If Trump is reelected, and he has at least the same 30% chance he had when elected in 2016 and when he lost in 2020, he will pull the US out of NATO and make it explicitly clear to Putin that he can do whatever he wants in Russia and Europe, especially in the parts of the EU and NATO that were part of the Soviet Union. If that happens then I expect the Baltic states and Poland will likely enter the war on the side of Ukraine. Finland would also be a possibility to do so. Whether that splits NATO minus the US or not, I don’t know, but I expect it would.
The Biden administration’s risk aversion is already biting them on the ass both domestically and internationally because of the Israel-Hamas war. I expect it will also do so in regard to Ukraine, though, in that case, Ukraine will be the loser.
gene108
I keep reading about Russian losses, but has any European nation ever won a war of attrition against Russia?
Political revolution caused Russia to accept Germany’s terms in WW1. Otherwise Russia has neatly inexhaustible natural resources and a large enough population to replace losses versus other European nations.
If the war in Ukraine continues as a slow grind, can Ukraine outlast Russia?
Adam L Silverman
@satby: Not as far as I can tell from the reporting.
Andrya
@gene108: No, but in previous wars of attrition against russia (Napoleon, Hitler) it was not a war of choice for russia- Napoleonic France and Nazi Germany were the aggressors. I am hoping that in a war of choice, russian tolerance for extreme casualties will be less.
Adam L Silverman
@gene108: No one has that I know of.
Ukraine’s resources are much more limited than Russia’s. Which is part of Putin’s strategic calculus. That he can afford – as in he has the bodies he can throw into combat to get killed or wounded – to continue the war until US politics changes the political geography he is dealing with.
It is not that Ukraine has the resources to outlast Russia, they don’t. What they have is societal resilience that is near unheard of. Regardless of the resource constraints they will not give in, nor give up.
gene108
@Andrya:
@Adam L Silverman:
Thank you for the answers.
japa21
Pretty much the same reason Bibi refused to have Zelenskyy visit Israel.

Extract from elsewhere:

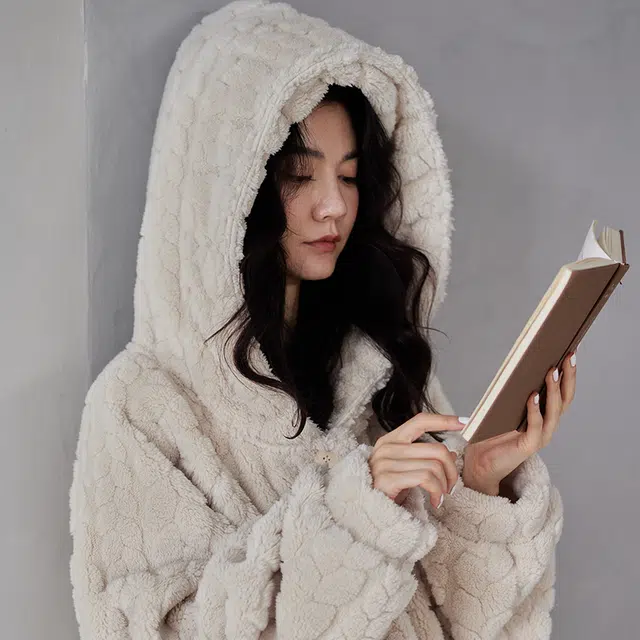 俏薇妮 麦穗长款珊瑚绒 加绒加厚连帽保暖可外穿家居服睡袍/浴袍 女款 杏色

I do have trouble with the term “stalemate”. Both sides are still attempting offensive tactics, with Ukraine’s being a little more effective than Russia’s. As has been pointed out many times, drones have changed everything in this war, far more than anticipated even 8-10 months ago.

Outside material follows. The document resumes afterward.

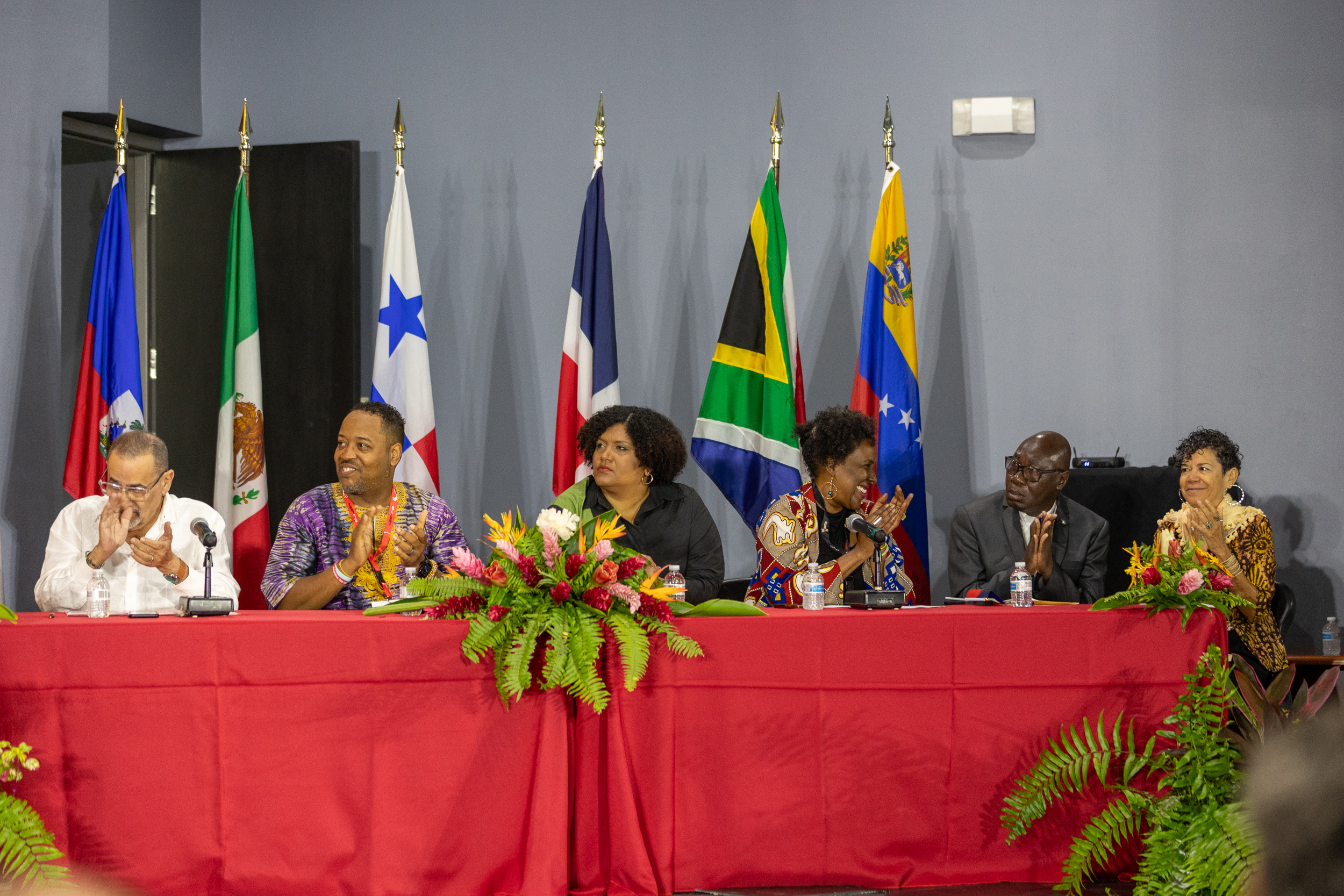 Parte del panel de la apertura de la Cumbre Afro 2024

I don’t want to get into what should have been done or what could have been done because we can’t go back in time. Mistakes have been made, both here and in Ukraine. But until there is a way to counteract drones more efficiently than there is now, it may not be a stalemate, but things will bog down. So I have to believe that there is some serious counter-drone research being done on both sides.
Mike in DC
I don’t think that Russia can hang in there indefinitely, actually. Their equipment stocks–Tanks, helicopters, artillery tubes, shells and AFV–are being depleted faster than their rate of replacement. The flow of equipment to Ukraine can be sped up, and the defensive lines can be analyzed and attacked in a more efficient and effective manner.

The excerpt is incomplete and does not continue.